Louis Helbig is a commercial pilot and self-taught photographer who shot the Alberta Tar Sands in the summer of 2008 and the winter of 2012. Helbig’s images are disturbing and contradictory in their rendered beauty of a subject that is so controversial and environmentally destructive. The genius of his work is in his ability to hold the mirror up, forcing us to confront the seductive appeal of our fossil fuel addiction.
“The Alberta tar sands are a place of superlatives, a place of awesome beauty and destruction,” Helbig said. “They are a kaleidoscope of contrasts, colours and patterns keeping time with the seemingly unstoppable movement of machinery, smoke and effluent. Their scale is otherworldly, the details peculiar and surreal.
“In exhibiting this imagery I have discovered that my interpretation of this controversial subject seems – more often than I could ever have predicted, or hoped – to transcend the shrill polarities that have encumbered the issue.
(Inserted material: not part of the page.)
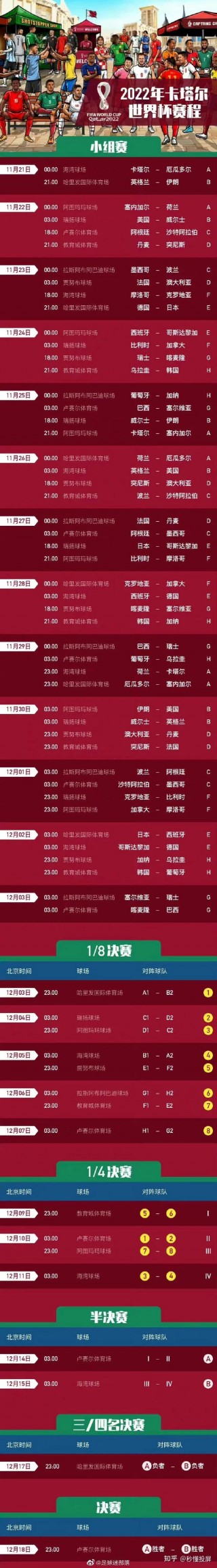 2022世界杯直播回放(2022世界杯直播回放在哪看)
The art seems to provide a space for some viewers, whatever their opinions or preconceptions, to reflect and engage their imaginations, themselves and each other.
“The tar sands, as with its pipelines, are of our creation, a human project, with all the contradictions and drama inherent in that. They are as good and bad, as beautiful and destructive as we are as human beings. I hope my art opens a window on that.”
Born in Toronto and raised in Williams Lake, British Columbia, Louis Helbig is an Ottawa-based artist and photographer specializing in aerials. His work has been widely exhibited and published in Canada and around the world.
His background includes professional roles within public, NGO and private organizations in Canada and abroad including the Government of British Columbia, Foreign Affairs Canada, CUSO and Sharp Wings. He has an MSc in Economic History from the London School of Economics and represented Canada as a member of its National Cross Country Ski Team.